ROSSVILLE, Ind. — A 90-year-old man is on a journey of a lifetime. Dean Troutman is walking through 16 states to help fight childhood cancer. His goal is to raise $1 million for St. Jude Children's Research Hospital.
Troutman left his central Illinois home July 10 and started walking to Texas. He's already 220 miles out and has no plans of stopping until he walks back to his Illinois home sometime in July 2022.
"I'd love it if people walked with me. They do it once in a while, and I just love it because it makes the walk go so much faster," He said.
Dean Troutman said he can't do a lot of things anymore.
"Well, I'll be 91 in January," he said on the phone, laying in a field in Indiana Saturday afternoon. But one thing he can do is walk.
"God blessed me with great health, I don't take any kind of medication and doctors say my health is good," Troutman said.
This isn't his first walk. He tackled a 500-mile walk to Memphis in 2015 and raised 10,000 dollars for St. Jude.

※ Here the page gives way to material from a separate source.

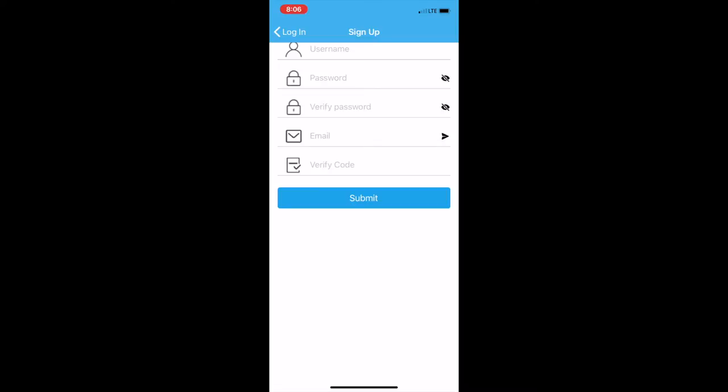and then what you'll do is press this arrow, and it'll send you a code to your email address. And just go to your email, grab the code, and paste it here. So pretty simple.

"I don't know what else I can do other than walk down this road and wave at people and get these people donating," he said.
But this walk is the longest and his last. Troutman started his fundraising journey two weeks ago and already raised a little more than $27,000. His goal is one million dollars.
"Some days I'll walk 10 to 15 (miles) other days I only walk 8 or 9 (miles)," he said. He also added his typical walking hours are from 5 a.m. to about noon or 1 p.m.
Troutman pushes a yellow buggy around that is equipped with shoes, snacks, a sleeping bag, and a few other essentials for his year-long trip. He said sometimes strangers tag along for a few miles to keep him company. You can follow his Facebook group here.
"I like to get out on the road as soon as it's light enough to see, and for traffic to see me. I mainly walk from town to town. Today, I probably covered 16 to 19 miles, and tomorrow I'll only have 10," he said.
As of Saturday, July 24, he was in Indiana. He is expected to be in Arkansas around April 17 and Mississippi around January 1.
"No, there's no one following me or anything like that," he said.
He said his son is back in Illinois using a GPS tracker to monitor him. So he is relying on the communities he takes his breaks in to support him.
"I sleep mainly in firehouses, police stations, city halls, and once in a while a church and a lot of times cornfields," he said.
Dean said there are no guarantees he will be able to complete his journey but if people keep donating he will keep pushing.
"There are only two things that are going to stop me from walking. That is if my legs get bad and I can't do it or if people stop donating."